Жизненное кредо поэта наиболее полно и ярко выражено им в стихотворении-изречении «Szabadsag, szerelem» («Свобода, любовь!»), написанном незадолго до трагической гибели в год своего совершеннолетия (у венгров – 24 года):
- Szabadsag, szerelem!
- E ketto kell nekem.
- Szerelmemert folaldozom
- Az eletet,
- Szabadsagert folaldozom
- Szerelmemet.
Казалось бы, что в ту пору, когда Петефи обрел личное счастье в семейном кругу, многие жизненные невзгоды (вечная бедность, травля и обвинения в «неумении писать рифмованные стихи», жизнь в порабощенной австрийцами стране) должны были отойти на второй план. Но для венгерского поэта-трибуна все оказалось гораздо сложнее. В цитируемом стихотворении поэт предельно искренен с самим собой: он готов пожертвовать самым дорогим – жизнью – ради возвышенного и всеохватного чувства любви, но и любовью – ради свободы.
- Свобода, любовь!
- Это два <состояния/чувства>, <что> нужны мне.

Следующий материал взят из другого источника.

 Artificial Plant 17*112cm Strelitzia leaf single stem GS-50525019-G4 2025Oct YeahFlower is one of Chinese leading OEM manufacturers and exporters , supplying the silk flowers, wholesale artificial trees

- Из-за моей любви пожертвую
- Жизнью,
- Из-за свободы пожертвую
- Моей любовью.
Это стихотворение Петефи, как и ряд других, начинается патетическим призывом. Далее при помощи модальной конструкции утверждается мысль о постоянной потребности пребывания лирического героя в двух возвышенных состояниях духа. Именно эти два чувства – ощущение безграничной свободы и счастье любви могут вдохновить человека на подвиг, заставить его рисковать собственной жизнью.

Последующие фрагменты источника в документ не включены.